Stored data
--------------------

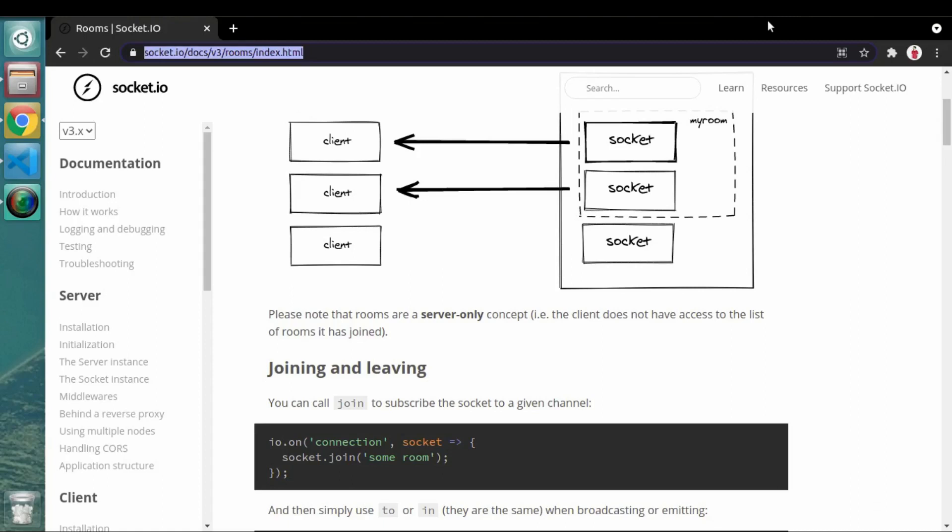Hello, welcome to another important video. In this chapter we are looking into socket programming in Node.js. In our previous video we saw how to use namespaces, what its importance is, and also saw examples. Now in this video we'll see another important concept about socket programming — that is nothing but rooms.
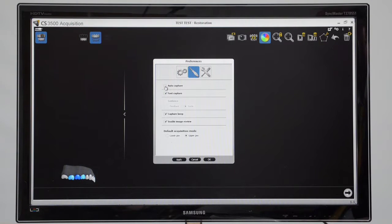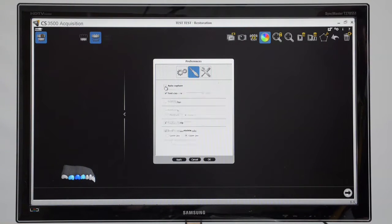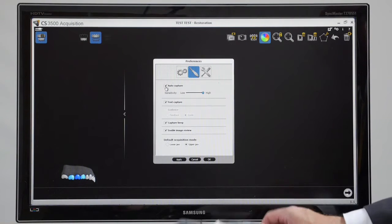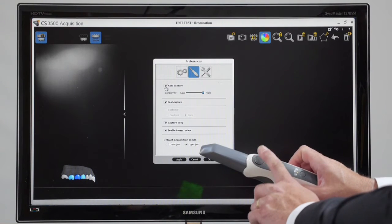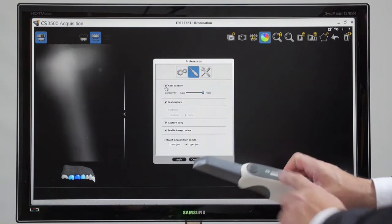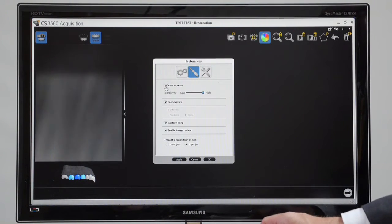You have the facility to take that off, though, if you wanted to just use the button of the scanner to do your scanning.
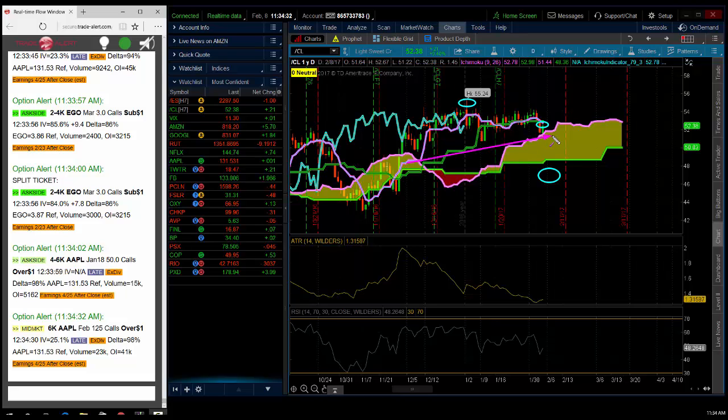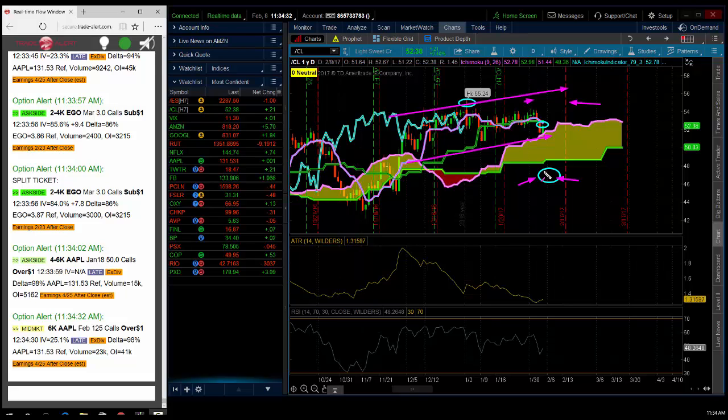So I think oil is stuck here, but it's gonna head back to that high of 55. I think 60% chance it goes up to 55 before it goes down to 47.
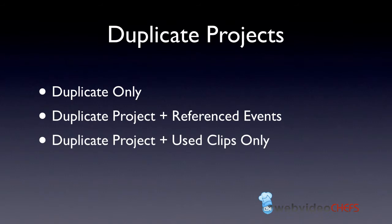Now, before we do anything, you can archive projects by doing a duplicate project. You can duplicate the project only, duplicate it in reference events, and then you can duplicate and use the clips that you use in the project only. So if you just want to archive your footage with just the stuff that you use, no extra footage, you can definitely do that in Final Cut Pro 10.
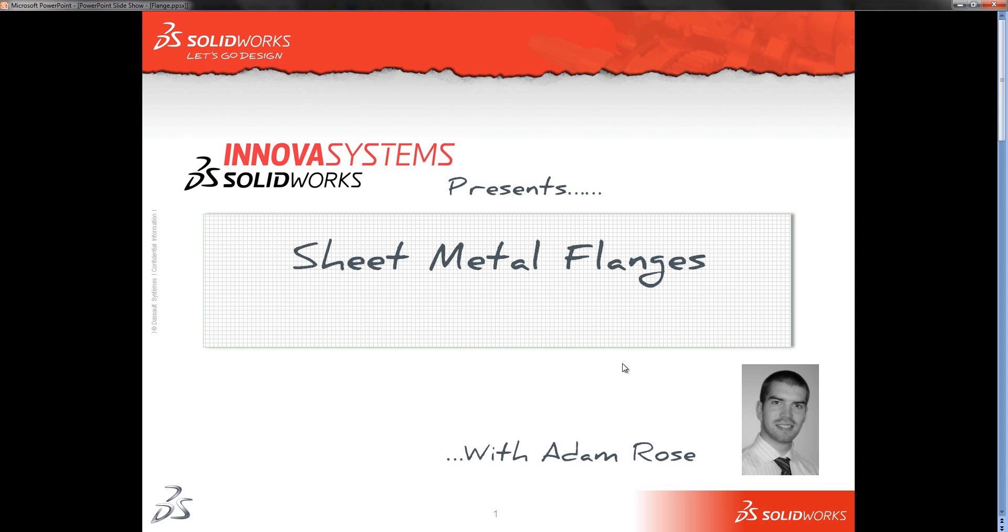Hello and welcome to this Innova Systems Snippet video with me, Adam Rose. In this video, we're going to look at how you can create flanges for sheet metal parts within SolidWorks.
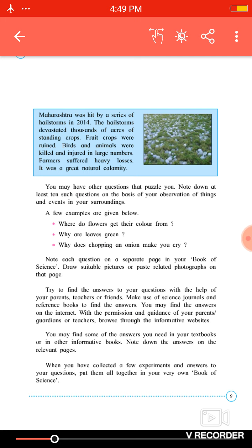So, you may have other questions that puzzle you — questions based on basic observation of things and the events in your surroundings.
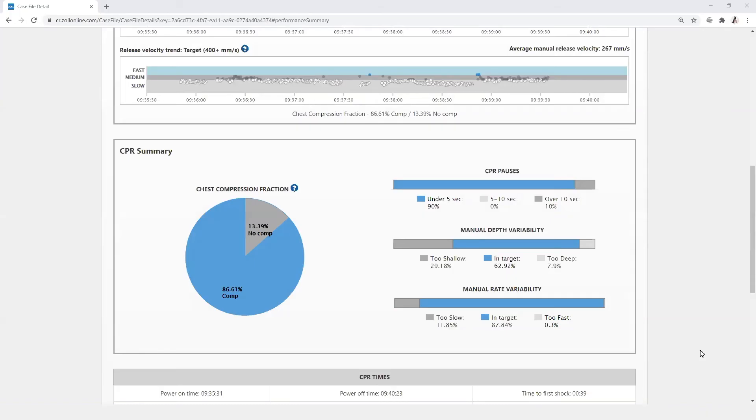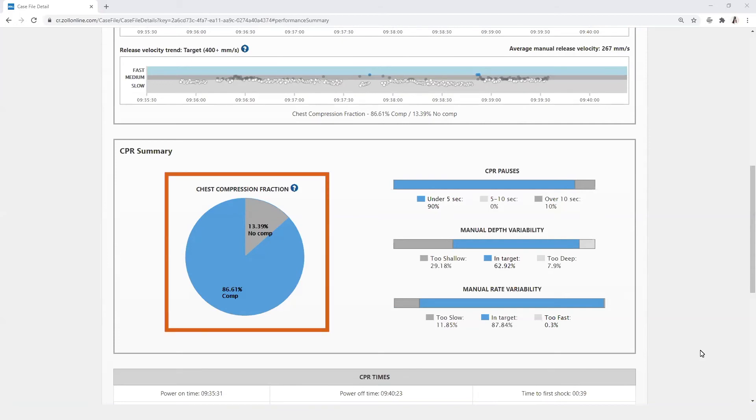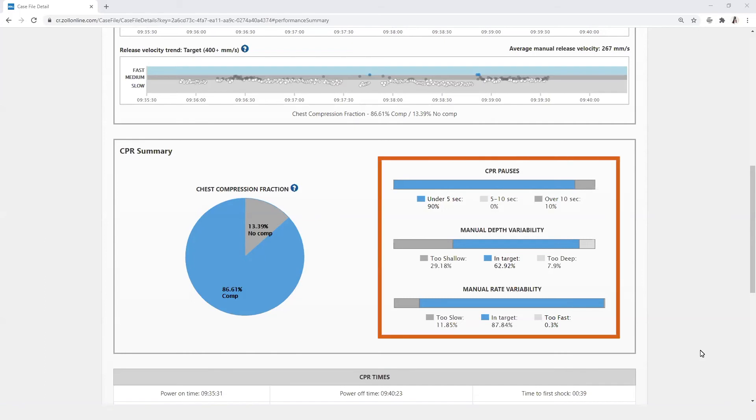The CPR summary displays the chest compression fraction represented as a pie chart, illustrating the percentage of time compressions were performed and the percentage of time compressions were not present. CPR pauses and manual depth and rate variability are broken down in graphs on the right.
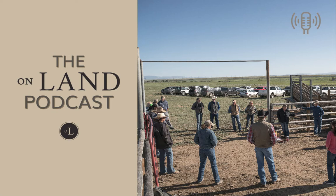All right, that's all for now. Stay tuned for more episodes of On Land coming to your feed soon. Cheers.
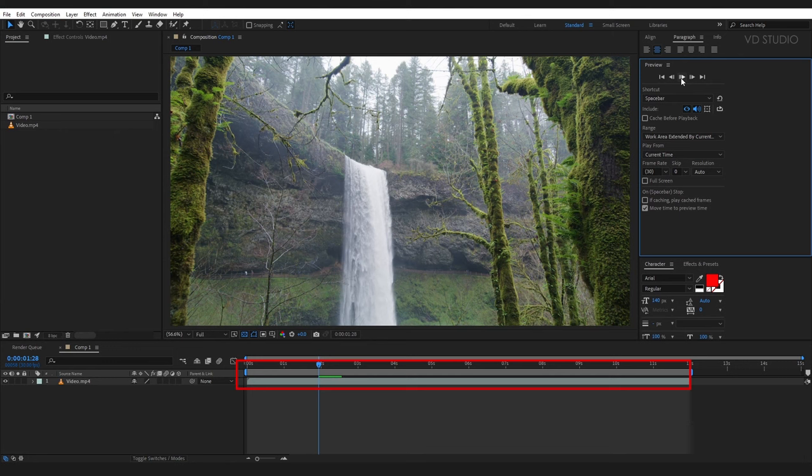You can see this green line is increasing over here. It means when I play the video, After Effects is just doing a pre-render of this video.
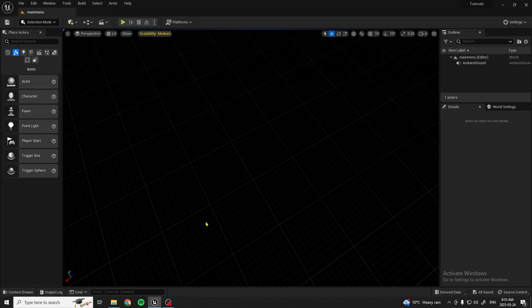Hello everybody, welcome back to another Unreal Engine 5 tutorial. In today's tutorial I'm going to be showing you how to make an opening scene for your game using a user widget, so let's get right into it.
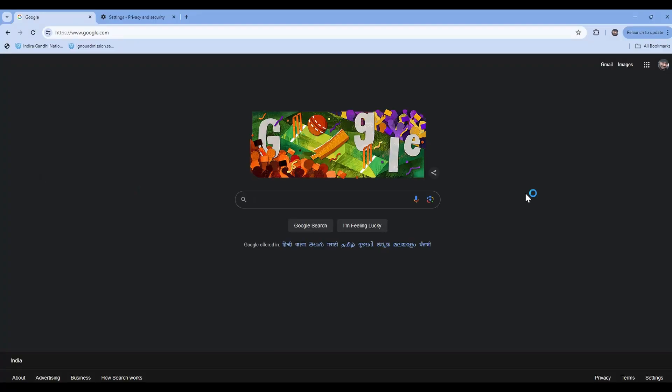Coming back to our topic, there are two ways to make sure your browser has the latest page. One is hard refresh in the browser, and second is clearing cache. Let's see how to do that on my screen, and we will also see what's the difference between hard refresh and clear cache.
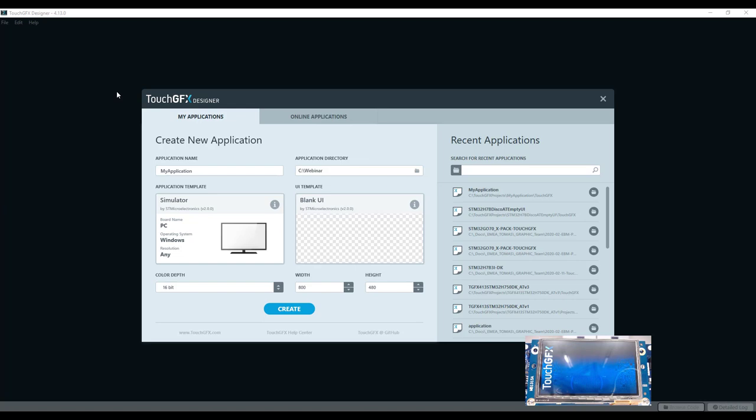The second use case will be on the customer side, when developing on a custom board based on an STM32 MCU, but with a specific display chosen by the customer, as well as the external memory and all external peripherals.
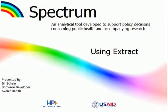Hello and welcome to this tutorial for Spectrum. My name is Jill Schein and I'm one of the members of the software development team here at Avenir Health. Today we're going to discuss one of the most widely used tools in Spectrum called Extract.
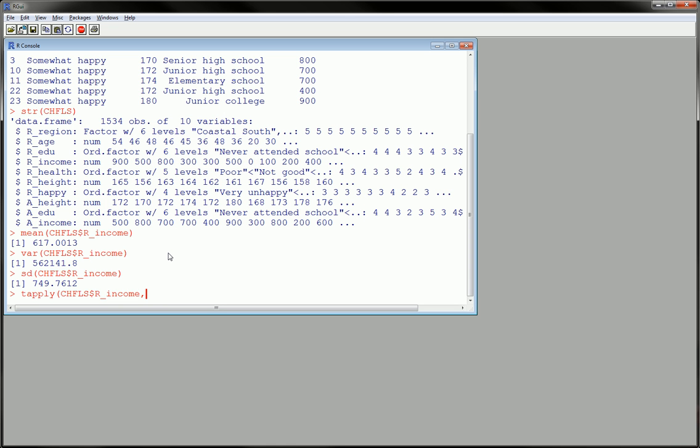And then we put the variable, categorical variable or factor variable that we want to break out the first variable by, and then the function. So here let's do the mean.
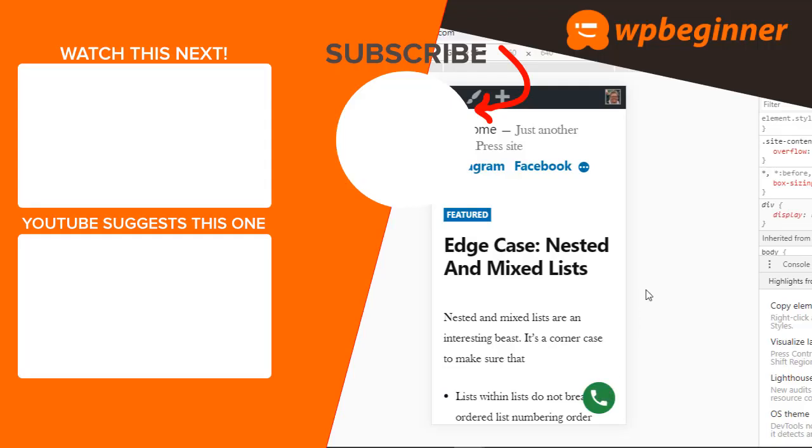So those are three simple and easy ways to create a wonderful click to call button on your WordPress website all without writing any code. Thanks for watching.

--------------------

### What is expected:
Give back an exact repeat of the lines from the top of the data through the line that holds "So, you may", both included, and omit pictures.

### Task result:
Hello, welcome to another important video. In this chapter we are looking into socket programming in Node.js. In our previous video we saw how to use namespaces, what its importance is, and also saw examples. Now in this video we'll see another important concept about socket programming — that is nothing but rooms.
You have the facility to take that off, though, if you wanted to just use the button of the scanner to do your scanning.
So I think oil is stuck here, but it's gonna head back to that high of 55. I think 60% chance it goes up to 55 before it goes down to 47.
Now, before we do anything, you can archive projects by doing a duplicate project. You can duplicate the project only, duplicate it in reference events, and then you can duplicate and use the clips that you use in the project only. So if you just want to archive your footage with just the stuff that you use, no extra footage, you can definitely do that in Final Cut Pro 10.
Hello and welcome to this Innova Systems Snippet video with me, Adam Rose. In this video, we're going to look at how you can create flanges for sheet metal parts within SolidWorks.
So, you may have other questions that puzzle you — questions based on basic observation of things and the events in your surroundings.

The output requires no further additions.